Baden Powell era nato nel 1857 nei pressi di Londra e morì nel 1941 nel Kenya, quindi cessò di vivere a 84 anni.

Una vita avventurosa, la sua, che potremmo distinguere in due momenti: quello di ufficiale dell’esercito britannico, colonnello di cavalleria, difensore di Mafeking nella guerra dei Boeri in Africa e, poi, quello di geniale inventore di un movimento di bambini, di ragazzi e di giovani che si diffuse in ogni angolo della Terra, con il nome, appunto, di scoutismo.

Baden Powell può senz’altro essere definito un altruista.

Tanto è vero che fu lui a sostenere che ogni ragazzo, al termine della giornata, avrebbe dovuto compiere una “buona azione”.
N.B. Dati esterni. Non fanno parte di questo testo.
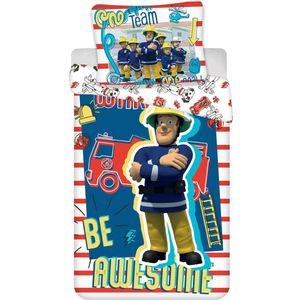 Brandweerman Sam Dekbedovertrek Wake Up - Eenpersoons - 140  x 200 cm - Katoen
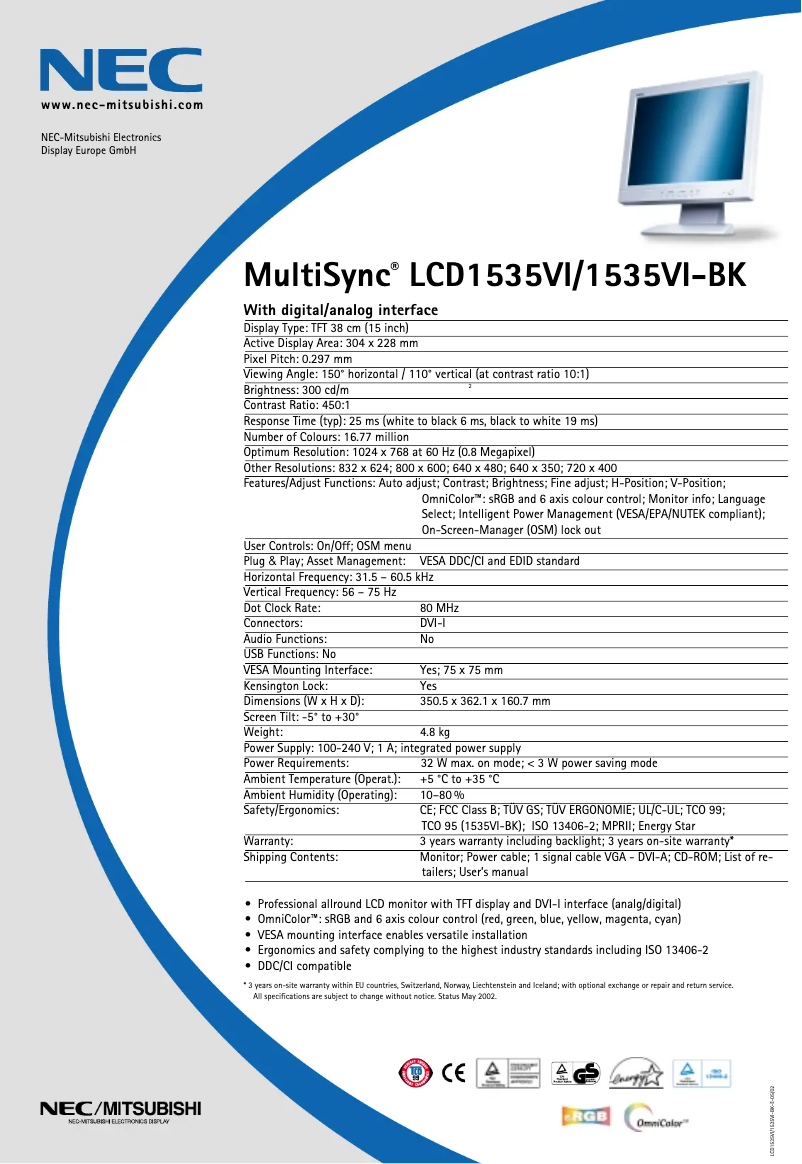 Página 1 del manual Ficha técnica NEC MultiSync LCD1535VIBK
Quindi si adoperò perché dagli otto ai ventun anni, i soggetti in età evolutiva, avessero un ambito educativo in cui riconoscersi ed esprimersi, soprattutto vivendo all’aria aperta.

Allora ideò il “lupetti e le coccinelle”, poi “gli esploratori e le guide” ed infine “i rovers e le scolte”: questo lungo percorso avrebbe poi consentito al giovane, ormai formato, di conseguire un ruolo di “capo” e di dedicarsi, a sua volta, alla crescita dei bambini e dei ragazzi.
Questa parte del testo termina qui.